I just hope I don’t mix up the Gulf Power check with the snotty note I wrote about the person at work who stole my Diet Coke from the break room refrigerator.
This column was originally published in the October 11, 2003 Northwest Florida Daily News and is used with permission.
About the author:
Del Stone Jr. is a professional fiction writer. He is known primarily for his work in the contemporary dark fiction field, but has also published science fiction and contemporary fantasy. Stone’s stories, poetry and scripts have appeared in publications such as Amazing Stories, Eldritch Tales, and Bantam-Spectra’s Full Spectrum. His short fiction has been published in The Year’s Best Horror Stories XXII; Alfred Hitchcock’s Mystery Magazine; the Pocket Books anthology More Phobias; the Barnes & Noble anthologies 100 Wicked Little Witch Stories, Horrors! 365 Scary Stories, and 100 Astounding Little Alien Stories; the HWA anthology Psychos; and other short fiction venues, like Blood Muse, Live Without a Net, Zombiesque and Sex Macabre. Stone’s comic book debut was in the Clive Barker series of books, Hellraiser, published by Marvel/Epic and reprinted in The Best of Hellraiser anthology. He has also published stories in Penthouse Comix, and worked with artist Dave Dorman on many projects, including the illustrated novella “Roadkill,” a short story for the Andrew Vachss anthology Underground from Dark Horse, an ashcan titled “December” for Hero Illustrated, and several of Dorman’s Wasted Lands novellas and comics, such as Rail from Image and “The Uninvited.” Stone’s novel, Dead Heat, won the 1996 International Horror Guild’s award for best first novel and was a runner-up for the Bram Stoker Award. Stone has also been a finalist for the IHG award for short fiction, the British Fantasy Award for best novella, and a semifinalist for the Nebula and Writers of the Future awards. His stories have appeared in anthologies that have won the Bram Stoker Award and the World Fantasy Award. Two of his works were optioned for film, the novella “Black Tide” and short story “Crisis Line.”
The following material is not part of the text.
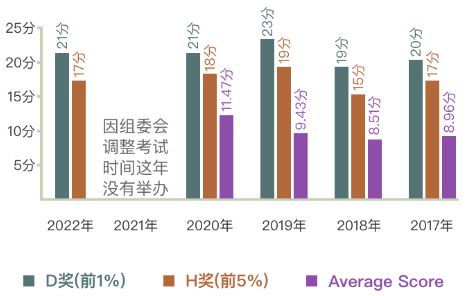 牛娃必备，上岸三公？这项“烂大街”的数学竞赛，你可能未必清楚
Stone recently retired after a 41-year career in journalism. He won numerous awards for his work, and in 1986 was named Florida’s best columnist in his circulation division by the Florida Society of Newspaper Editors. In 2001 he received an honorable mention from the National Lesbian and Gay Journalists Association for his essay “When Freedom of Speech Ends” and in 2003 he was voted Best of the Best in the category of columnists by Emerald Coast Magazine. He participated in book signings and awareness campaigns, and was a guest on local television and radio programs.
As an addendum, Stone is single, kills tomatoes and morning glories with ruthless efficiency, once tied the stem of a cocktail cherry in a knot with his tongue, and carries a permanent scar on his chest after having been shot with a paintball gun. He’s in his 60s as of this writing but doesn’t look a day over 94.